In the TOD analyses, RRs during “current” use ranged from a low of 0.95 (95% CI: 0.64–1.40) for SUs to a high of 1.63 (95% CI: 0.92–2.88) for pioglitazone. RRs for “recent” use (32–62 days after current use) were consistently lower than “current” use. RRs for “past” time followed no consistent pattern. The cumulative TOD analysis was performed only for the liraglutide vs “all comparator” matched cohorts. RRs were 0.79 (95% CI: 0.55–1.13) for <6 months of liraglutide exposure, 1.03 (95% CI: 0.69–1.54) for 6–18 months of exposure, and 0.98 (95% CI: 0.55–1.76) for ≥18 months of exposure. Across all ITT and TOD analyses, all comparisons had 95% CIs that included the null.

Assessment of surveillance bias revealed that liraglutide and exenatide cohorts had more mammograms during follow-up than the other cohorts (mean of 0.78 [SD 1.15] and 0.84 [SD 1.22], respectively). In contrast, the SU cohort had a mean of 0.51 (SD 0.95). Within each matched cohort, the time to diagnosis was similar with the exception of the metformin cohort which had a substantially shorter median time to diagnosis (309 vs 415 days) and the DPP-4i cohort which had a longer median time (479 vs 339 days) (Table 3; also see Figures S1S7).

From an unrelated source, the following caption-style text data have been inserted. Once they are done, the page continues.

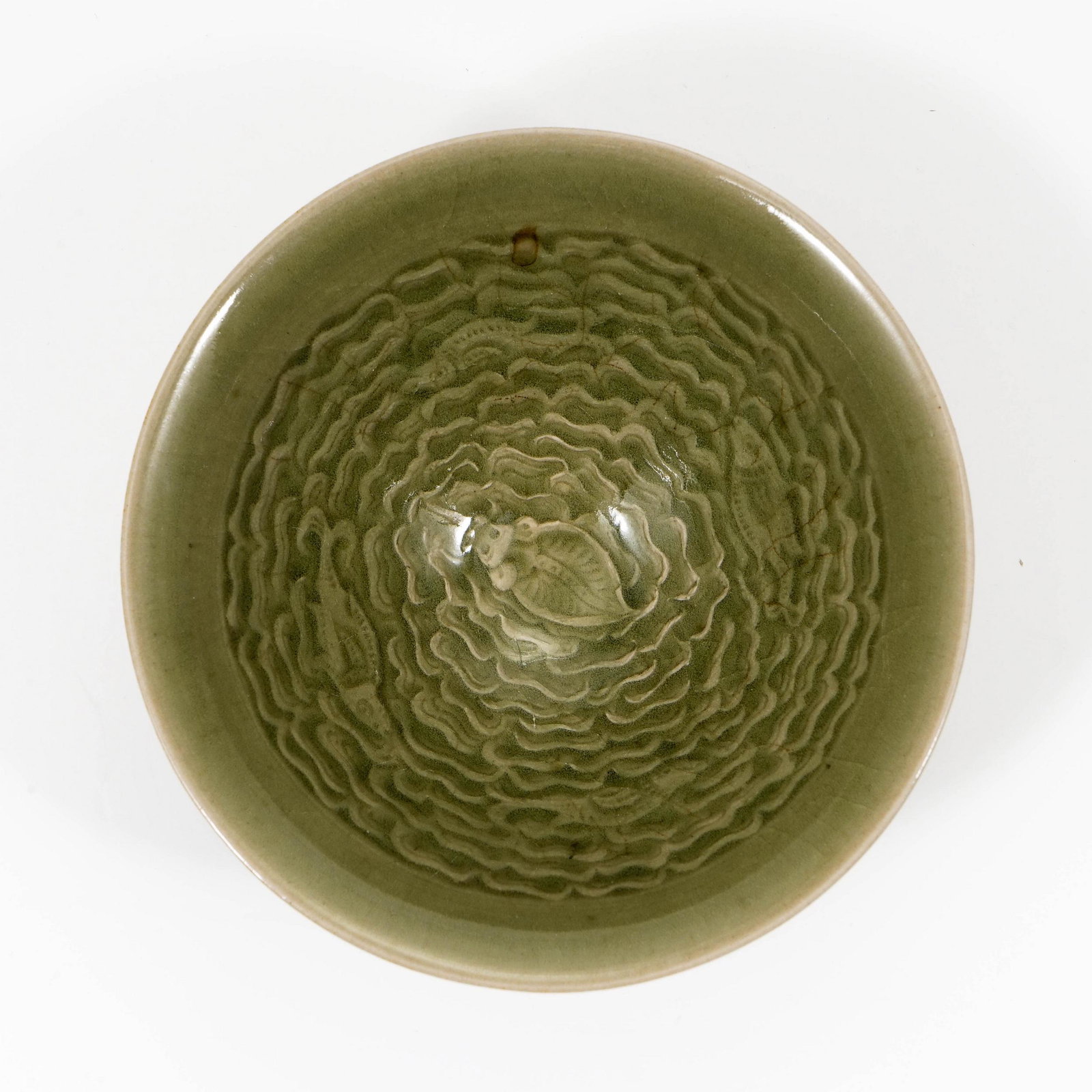 A BOWL FROM YAOZHOU KILN WITH WAVE PATTERN: A BOWL FROM YAOZHOU KILN WITH WAVE PATTERN£¬JIN DYNASTY H:4.8cm DIAM:11.7cm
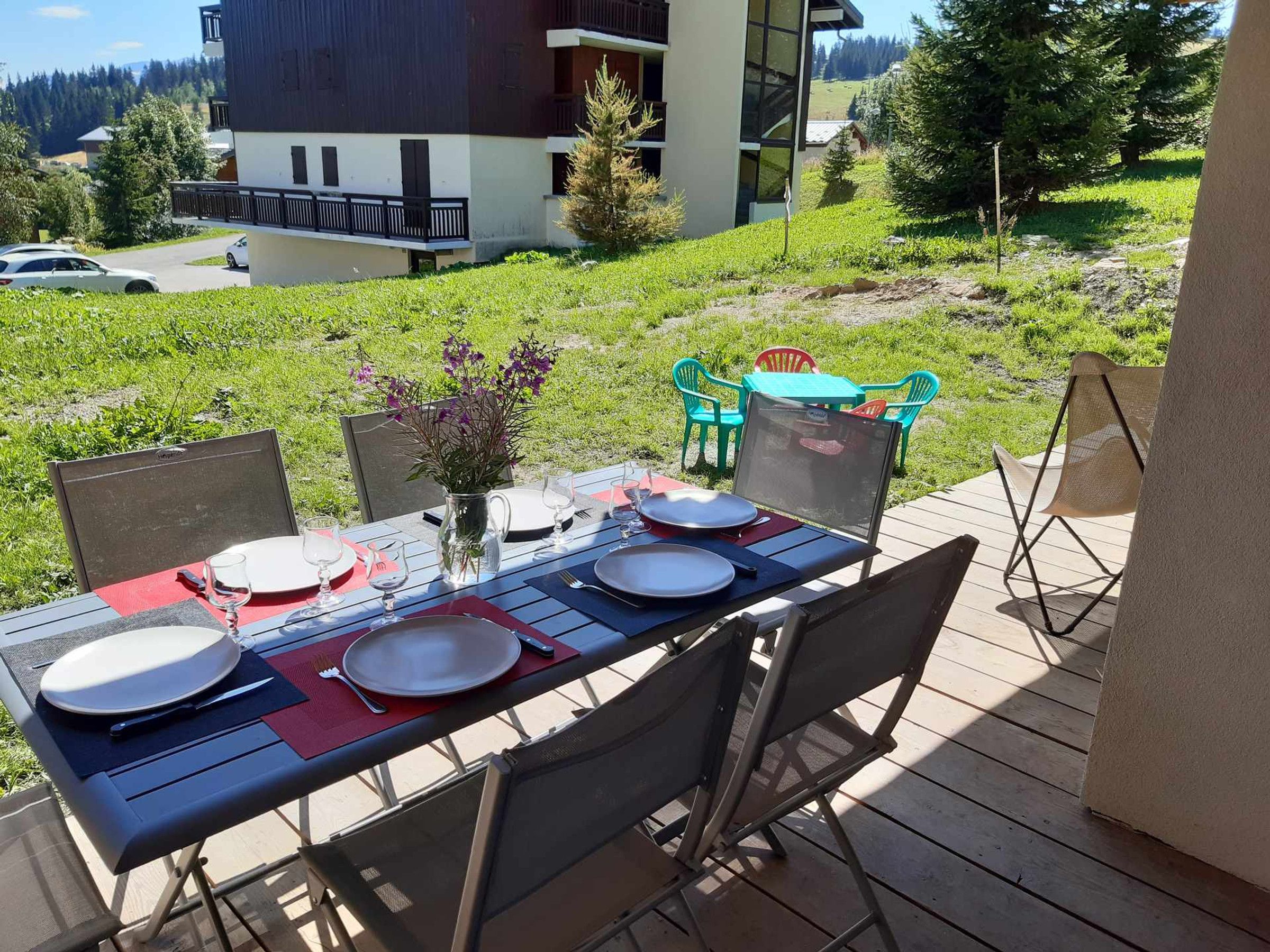 An outdoor dining area with a table set for four, surrounded by chairs, on a wooden deck.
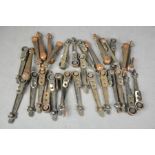 A group of antique bronzed metal stair carpet clips, 30 in total.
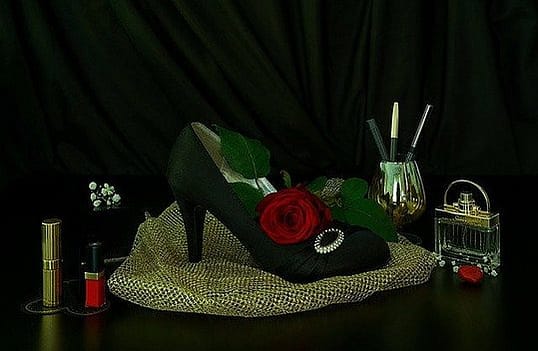 green elegant shoe with a red rose, and a pearl broche, makeup pencils, lipstick, flacon with perfume on a golden colored material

Table 3 Timea to BC diagnosis in days for adjudicated BC cases (all first initiations and matchedb liraglutide/study drug pairs)

Notes: aTime is from day after index date to BC adjudication-determined diagnosis date. bPatients may have initiated multiple times during the study period, but are allowed to match only once into each drug cohort pair.

Abbreviations: DPP-4i, dipeptidyl peptidase-4 inhibitor; BC, breast cancer.

Discussion

Overall, these data are consistent with no association between the use of liraglutide and risk of incident BC across different comparators and several different analyses, similar to the findings of Hicks et al and the LEADER (Liraglutide Effect and Action in Diabetes: Evaluation of Cardiovascular Outcome Results) trial.7,25 Baseline differences between liraglutide initiators and those of other ADs were largely accounted for with the PS matching.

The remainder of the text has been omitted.